The SEC’s actions would be calamitous for US crypto if successful. It would shut down crypto trading in the US and send shockwaves across the global industry.
This week's legal actions are the culmination of years of work and a litigious approach by the SEC. It was a bumpy ride.
I read the 136 page suit against Binance and the 101 page suit against Coinbase. I combed Twitter and listened to nearly every podcast on the topic. I distilled what I learned and my own opinion in this article. I detail what happened, why it's a big deal, outline the facts of the two cases, assess the market’s reaction and suggest how things could play out.
What happened
On Monday June 5, 2023, the SEC filed 13 charges against Binance and its founder Changpeng Zhao.
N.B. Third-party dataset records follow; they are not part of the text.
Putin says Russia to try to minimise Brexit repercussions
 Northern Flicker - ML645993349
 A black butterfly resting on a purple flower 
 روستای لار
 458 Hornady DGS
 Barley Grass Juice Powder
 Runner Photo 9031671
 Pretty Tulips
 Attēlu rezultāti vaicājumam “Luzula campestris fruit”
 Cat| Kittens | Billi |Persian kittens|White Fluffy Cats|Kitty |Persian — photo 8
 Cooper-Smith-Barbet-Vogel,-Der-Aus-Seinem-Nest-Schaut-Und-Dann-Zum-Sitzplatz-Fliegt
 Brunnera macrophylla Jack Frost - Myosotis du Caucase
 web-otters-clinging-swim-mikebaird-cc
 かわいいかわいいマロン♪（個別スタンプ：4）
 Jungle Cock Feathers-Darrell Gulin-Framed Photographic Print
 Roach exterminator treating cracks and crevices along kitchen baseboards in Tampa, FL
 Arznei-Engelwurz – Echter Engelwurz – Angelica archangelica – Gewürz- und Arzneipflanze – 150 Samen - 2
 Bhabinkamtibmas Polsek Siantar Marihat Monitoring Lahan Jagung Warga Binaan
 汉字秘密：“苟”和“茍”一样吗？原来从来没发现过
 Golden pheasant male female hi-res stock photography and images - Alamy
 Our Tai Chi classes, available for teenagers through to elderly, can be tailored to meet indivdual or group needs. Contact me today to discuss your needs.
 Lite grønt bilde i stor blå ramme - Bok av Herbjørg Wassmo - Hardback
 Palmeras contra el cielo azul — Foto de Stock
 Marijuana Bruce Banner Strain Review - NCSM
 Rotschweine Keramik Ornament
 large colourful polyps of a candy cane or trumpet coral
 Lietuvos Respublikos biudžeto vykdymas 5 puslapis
The securities violations include commingling customer assets, transferring client assets to Binance controlled accounts, misleading investors, and wash trading. Binance was also charged with failing to register its US business with the SEC and offering unregistered securities. Zhao was personally charged. The SEC holds him liable as the control person for Binance’s US entities.
“Through thirteen charges, we allege that Zhao and Binance entities engaged in an extensive web of deception, conflicts of interest, lack of disclosure, and calculated evasion of the law,” said SEC Chair Gary Gensler.
On Tuesday June 6, 2023, the SEC charged Coinbase with failing to register with the SEC and offering unregistered securities.
On Tuesday June 6, 2023, the SEC filed an emergency action to freeze and repatriate the assets of Binance’s US and prevent the destruction of documents.
On Tuesday June 6, 2023, ten states including Alabama, California, Illinois, Maryland and New Jersey issued a cease and desist order to Coinbase. The ten states require Coinbase to shut down its staking business immediately or within a month. Coinbase can relaunch its staking business once it has either i) proven it’s not offering an unregistered security or ii) has registered it. The orders only pertain to Coinbase’s staking product.
The SEC aims to permanently end Binance’s business in the US. The SEC wants an injunction to stop Binance’s US businesses immediately and appoint a receiver to wind it down. The SEC requests that Coinbase stop violating the Securities Act and register according to the Security Act’s framework. The SEC wants both Binance and Coinbase to disgorge all ill gotten gains, pay a civil penalty and stop offering unregistered securities.
All in 48 hours! Chaos ensued in crypto markets and Twitter.
Why this is a big deal
1. SEC is trying to shut down crypto in the US
The SEC actions aim to shut down crypto trading in the US. The SEC is seeking both parties to cease operations. The SEC wants to shut down Binance US immediately.
The SEC is no longer regulating by enforcement. It is trying to end crypto trading by enforcement.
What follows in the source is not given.